───── Source material

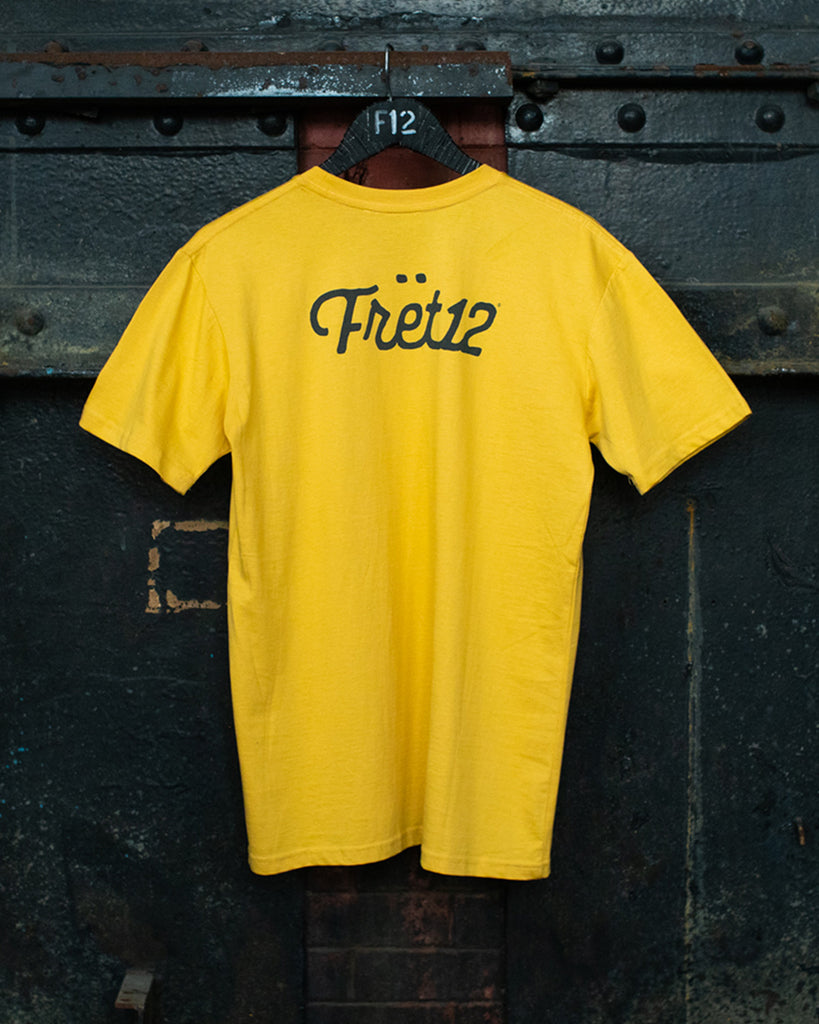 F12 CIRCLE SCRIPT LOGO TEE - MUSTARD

──────────
───── Source material

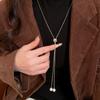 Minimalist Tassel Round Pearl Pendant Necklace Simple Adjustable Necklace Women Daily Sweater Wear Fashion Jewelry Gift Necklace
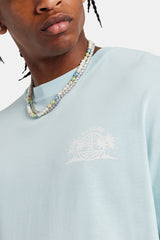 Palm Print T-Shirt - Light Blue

──────────
───── Source material

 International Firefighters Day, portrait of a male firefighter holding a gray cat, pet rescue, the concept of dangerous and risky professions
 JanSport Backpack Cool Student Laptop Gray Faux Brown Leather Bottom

──────────

Instructions to follow:
One stretch of the lines above is wanted, from the line that contains "International Firefighters Day, portrait" through the line that contains "JanSport Backpack Cool". Output it exactly.

Answer space:
 International Firefighters Day, portrait of a male firefighter holding a gray cat, pet rescue, the concept of dangerous and risky professions
 JanSport Backpack Cool Student Laptop Gray Faux Brown Leather Bottom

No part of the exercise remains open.